La epidemia de sinceridad obliga a confesar que este artículo se tituló en su génesis con el chavista «Que se calle Felipe». Si se ha sacrificado el atractivo exabrupto en aras de un enunciado literalmente más presentable —«Que se presente Felipe»—, se debe a que González apela a nuestros mejores instintos, en tanto que Aznar saca lo peor de nosotros. Sin embargo, aquí se agotan las diferencias, porque la inveterada tendencia de los españoles a dejarse aleccionar acríticamente les impulsa a aclamar a cualquier espontáneo que se encarame al púlpito. Por lo menos, mientras atizan la pira donde su pasión iconoclasta arrojará al predicador, en ocasiones sólo en efigie.

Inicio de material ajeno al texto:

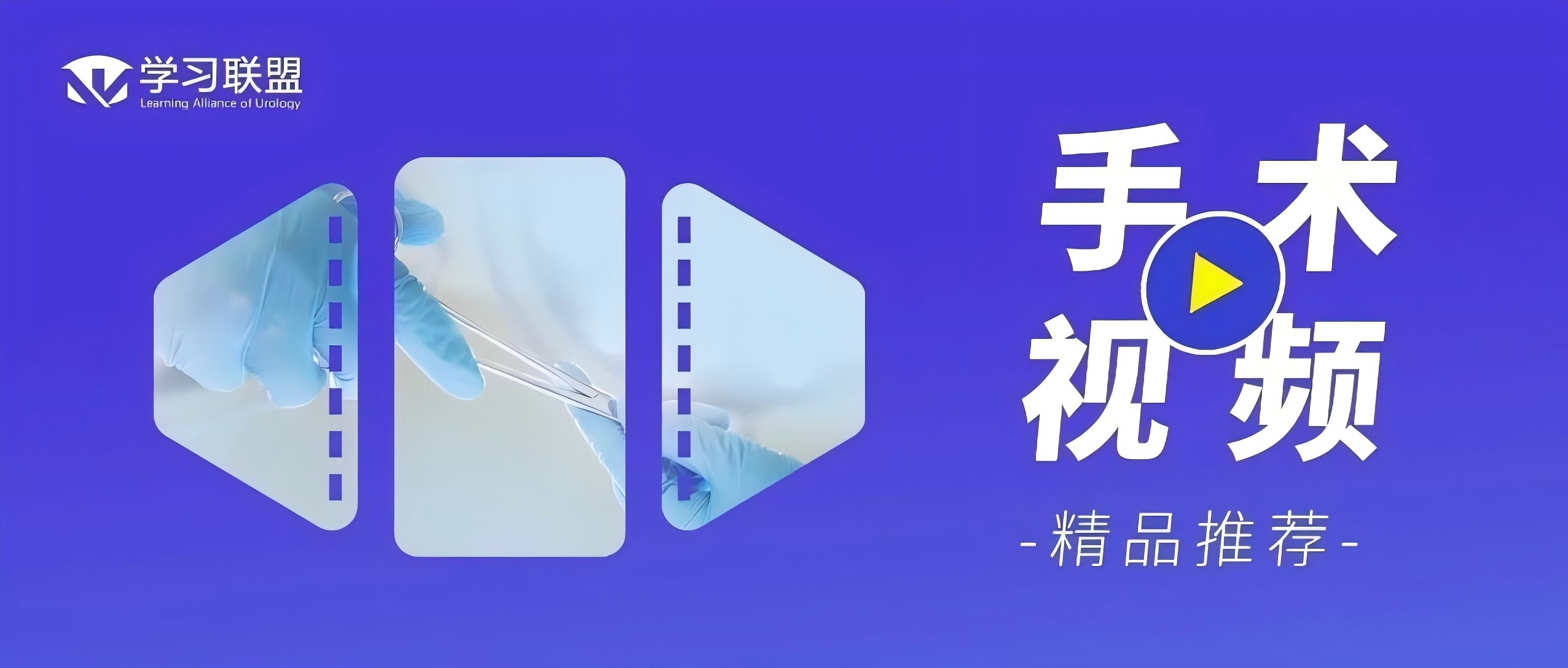 顾昌世 李涛 | 腹腔镜脐尿管瘘切除术-脐整形术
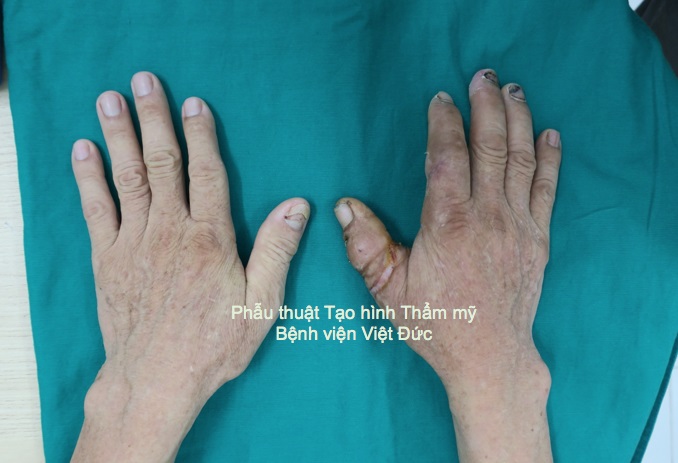 Bàn tay trở nên nguyên vẹn sau 5 tuần vi phẫu nối ngón tay cái đứt rời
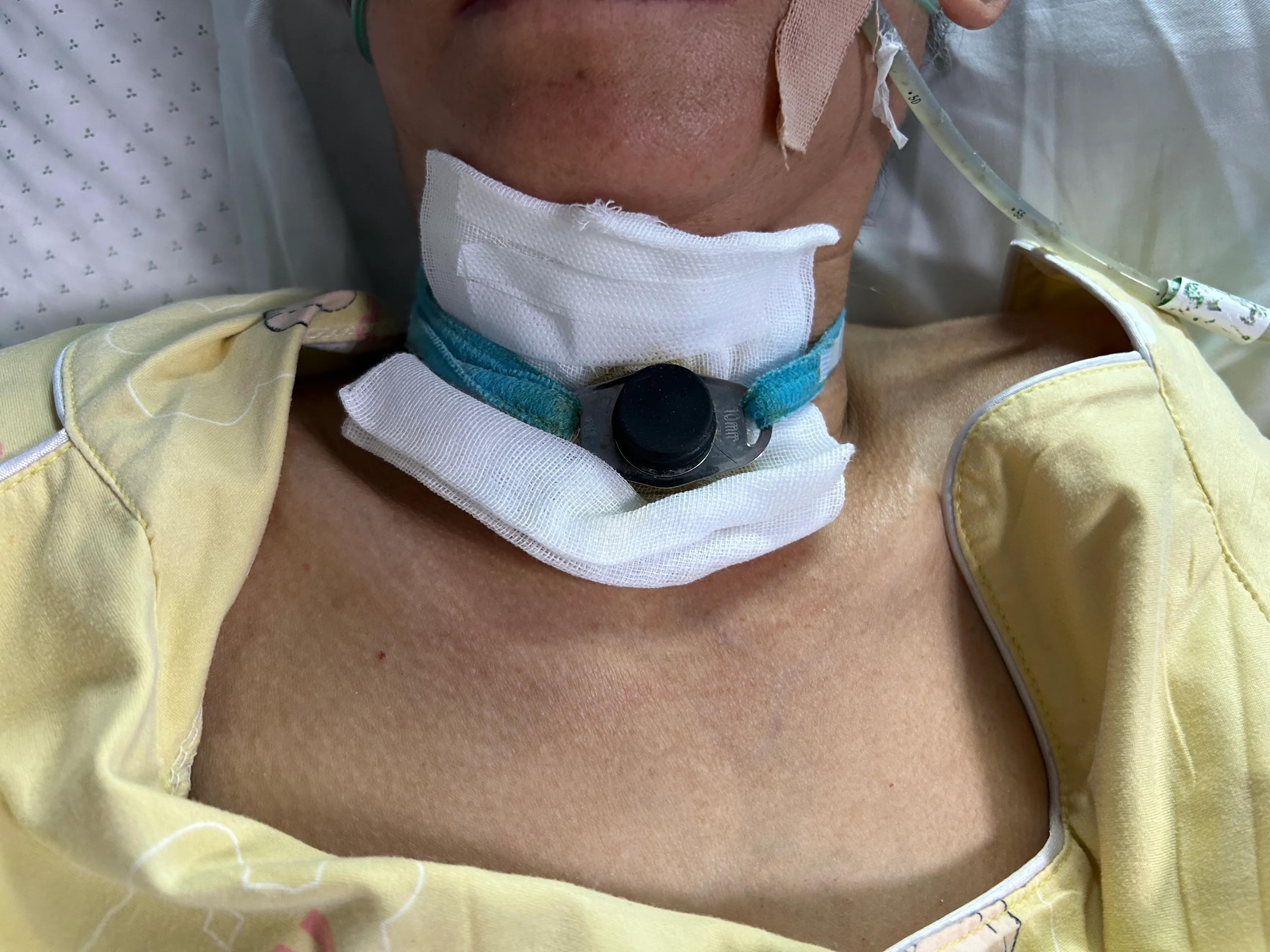 气管套管什么条件下可以拔除,怎么拔出气管套管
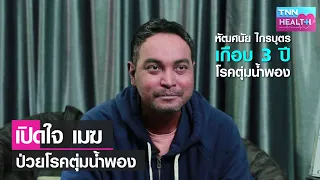 การรักษาโรคตุ่มน้ำพองควรทำอย่างไรบ้าง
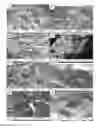 Fig. 06 - Articular Cartilage Mimetics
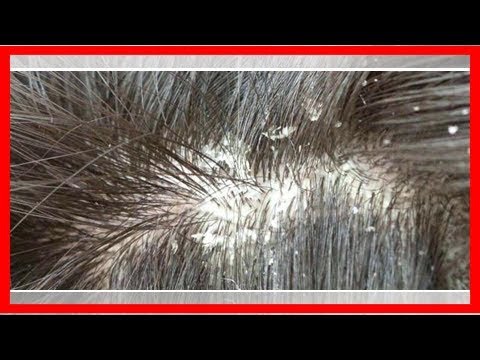 How to get rid of cat dandruff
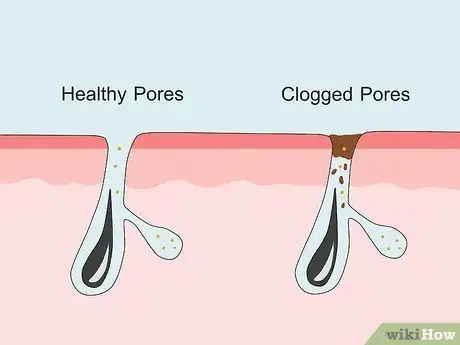 Image titled Clean Clogged Pores Step 1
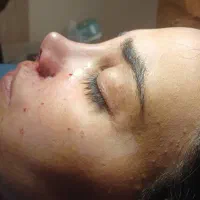 تخفیف ویژه عمل بینی فقط فقط۳۵
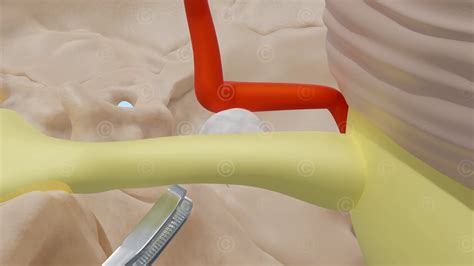 Animation microvascular decompression surgery - MedicalGraphics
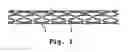 Fig. 02 - Drug delivery endovascular stent and method of use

Desde que se ha agudizado el colapso económico, cuesta conectar con un portal mediático sin que aparezca Felipe González adoctrinando, amonestando, aconsejando y demás gerundios que sintetizan el ejercicio del poder sin someterse a las siempre engorrosas elecciones. Si un gobernante desplegara su repertorio de vaguedades enfáticas, sería convenientemente apaleado por la población. Sin embargo, se expresa sin ningún compromiso porque aprovecha la simpatía retrospectiva que genera el olvido de su gestión. Defiende unos intereses que no destapa, y que el agotamiento de la saña histórica que concentró nos invita a la delicadeza de no indagar.

El González oracular no representa nada, aunque siempre se puede aprovechar su fenomenal experiencia para no convertir al Estado en la gigantesca máquina de corrupción en que desembocó su mandato. Se inserta en la tradición de Olli Rehn, el comisario finlandés cuya cara no podría identificar el noventa de la población, pero que desde la UE amenaza periódicamente a España con la condena a los infiernos. ¿Quién los ha elegido? Que se presenten a las elecciones, un trámite que no mejorará su eficiencia pero justificará el escrutinio ajeno. De lo contrario, la renuncia a la soberanía avalará la preocupante sensación de que la opinión pública prefiere obedecer a quienes no ha votado.